A group of Chimpanzee's were placed in a setting and left alone to create a hierarchy. After awhile, a banana was placed on a string suspended from the ceiling. The Chimps were allowed to get the banana and eat it until it became a regular thing. After this habit was developed, the researchers added a new eliment. When the next banana was lowered and the Chimp went to retrieve his reward, a blast of ice cold water from several hoses doused the whole group of chimps. After this was done enough that the chimps understood that the banana now represented an unwanted response, they quit going for the reward. 
The next step in the research was to add a new chimp to the process, this chimp had no idea of the punishment for going to the banana. As the banana was lowered and the new chimp went to retrieve it, the rest of the clan attacked him and beat him. They knew the result of his attempt. This was repeated...adding a new chimp and taking out old chimps, until all the chimps that had actually experienced the cold water were not in the cage anymore. Yet, every time a new chimp would go for the banana, the others would attack and beat the crap out of him, even thought they had no idea what the original cause of the response was, or why they acted that way. It all comes down to this, we need to make changes. Just becuase this is the way we have always done something, does not make it right, it makes it stupid. If those chimps could talk and you asked them, "why are you beating the crap out of the guy who is trying to get that banana?", they would tell you, "because, that is the way it has always been."

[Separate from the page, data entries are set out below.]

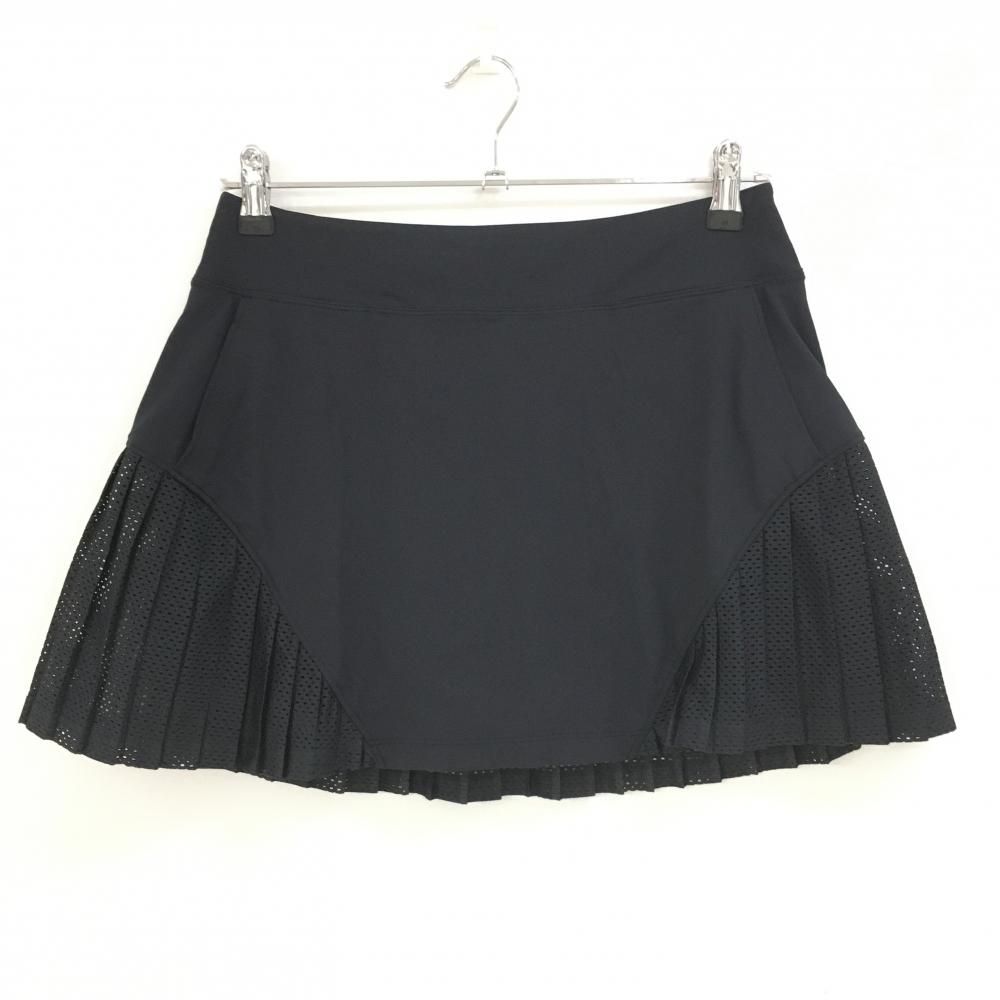 【超美品】アンダーアーマー スカート 黒 裾メッシュプリーツ ヒートギア レディース LG/G/G ゴルフウェア UNDER ARMOUR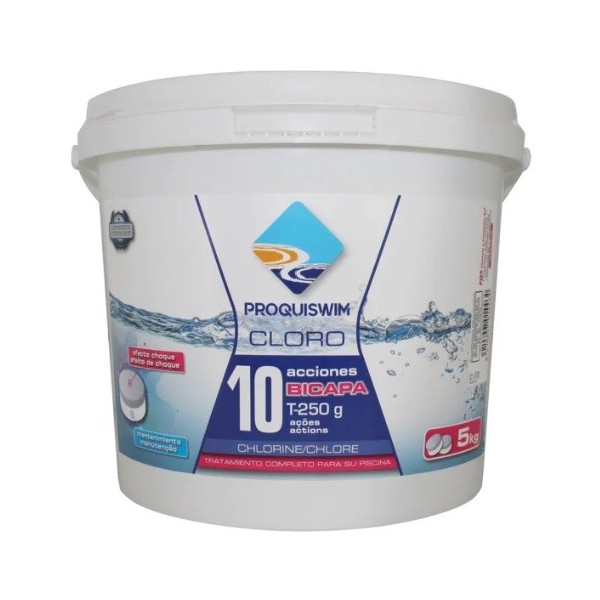 Cloro 10 Acciones bicapa pastillas de 250 grs. 5kg PQS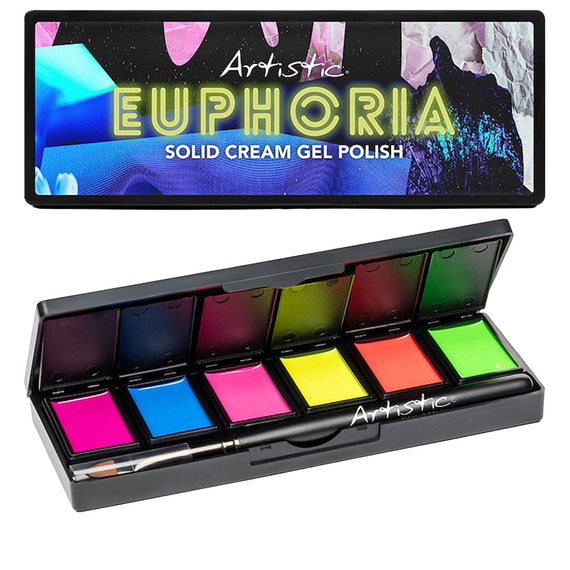 Cream Gel Palette, Euphoria Neons, Brush
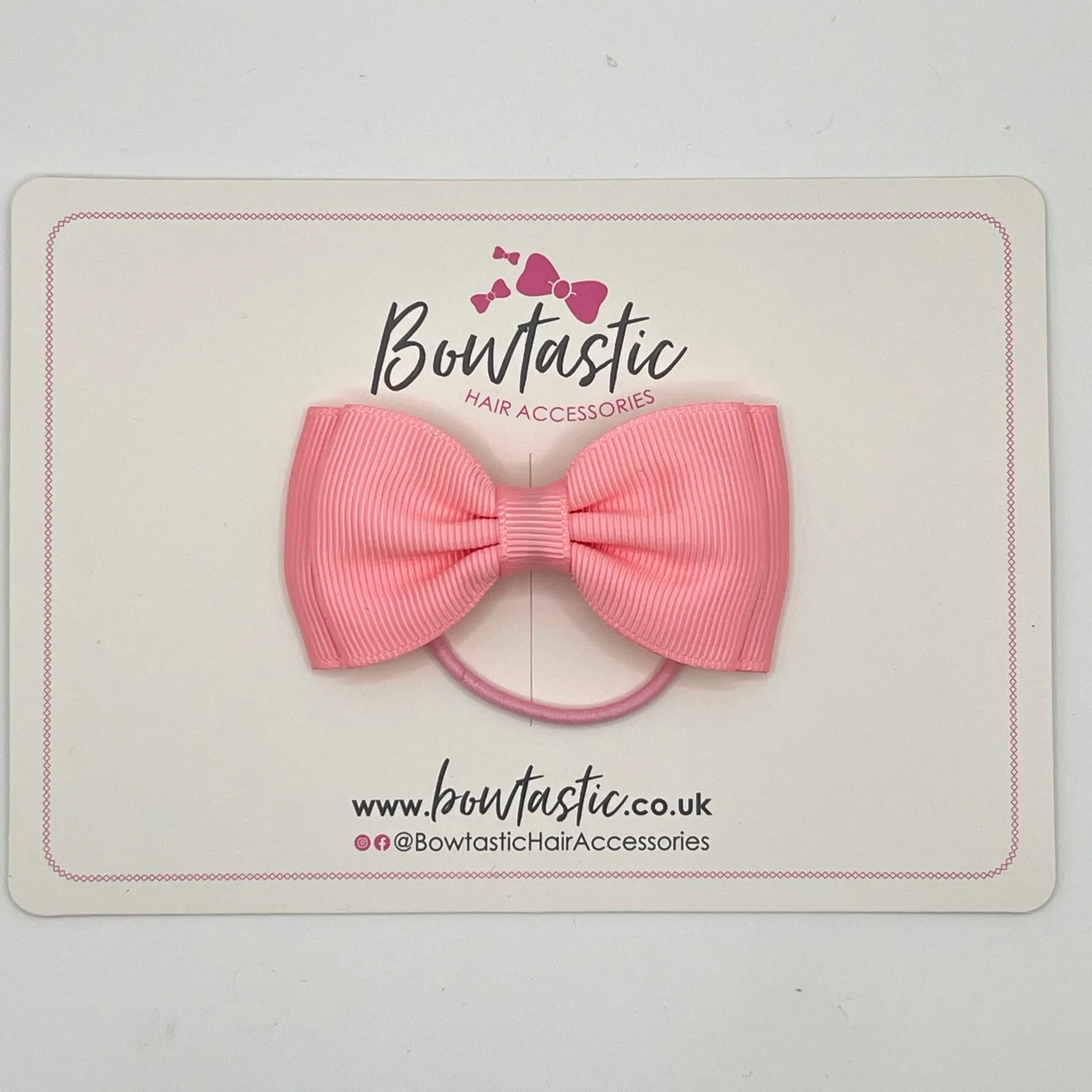 3 Inch Flat Double Bow Thin Elastic - Pink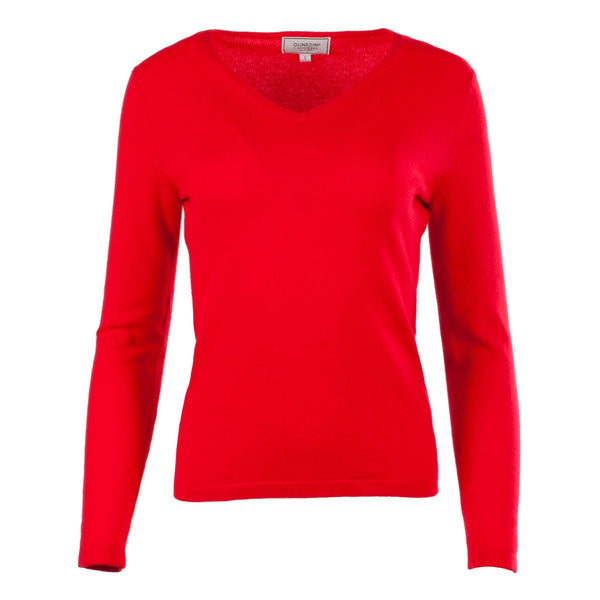 100% Cashmere Women's Fashion V Neck Cardinal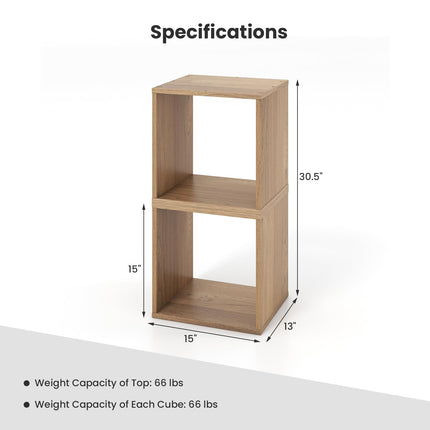 Dreamade 2/4 Cube Bookshelf Organizer, 2-Tier Stackable Cube Storage Organizer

Our dependence and a few peoples greed for fossil fuel on this planet is the main cause for all this crap we are putting up with now. If we were not dependant on the middle east for oil, they wouldn't be mad at us for being over there, "influencing" there backwards ways. We need to seperate ourselves from them and worry about what goes on in our own backyard, instead of everyone elses. The terrorist attacks that will be the worst will come from inside this country, without any help from nuclear sources in Iran...Syria...wherever you choose to let you boogeyman live. Our country is dying from the inside as we keep looking for the grim reaper in third world country's.

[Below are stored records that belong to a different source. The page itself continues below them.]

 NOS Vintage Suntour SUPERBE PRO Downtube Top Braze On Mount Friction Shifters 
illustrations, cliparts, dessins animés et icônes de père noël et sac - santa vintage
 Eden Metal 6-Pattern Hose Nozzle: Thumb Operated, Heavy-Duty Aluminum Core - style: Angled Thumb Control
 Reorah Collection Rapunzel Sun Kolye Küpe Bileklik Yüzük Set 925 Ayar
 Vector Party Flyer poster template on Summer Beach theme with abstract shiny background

Bob, I always thought the dem's spent all the money. Funny how we let the repub's control the house, and the cabinet and we are in the biggest pile of [email protected]#t we have ever been in financially. I guess that must be one of those, if you say it enough, people will beleive it, things.


----------



## Bobm (Aug 26, 2003)

Fireball, I agree with your take on our dependence on fossil fuel but it is what it is and it won't change overnight however it really must change as soon as possible for our own good. In the meantime we need to keep the spigots open but if we don't simutaneously come up with alternative fuel sources and get serious about using it this will be a continual thorn in our side. 
As for the terroisms issues we cannot live in a vacumn and the Genies out of the bottle so we must deal with it, they aren't going away unless we defeat them. Even if we didn't need oil tomorrow they would still be after us for various religious and societal reasons. Your take on the financial situation is not accurate but this situation is expensive and only a sound economy will allow us to work our way out of it, a nuke or dirty bomb in this country from some crackpot Jihadist will destroy our economy so it is a realistic threat, and Iran sitting on the largest oil reserves in the world is not developing Nuclear capabilites for energy needs.
Our country is not dying from within it is getting better, we have troubles but we are the greatest society on the face of the earth and we will solve those troubles over time. The glass is half full :lol:


----------



## buckseye (Dec 8, 2003)

In the latest world census we have 61% Asian, 13% African and all the rest of us make up the difference. I would say the Asian have the greatest society in the world these days, we used to and will again someday but for now we are sucking hind tit.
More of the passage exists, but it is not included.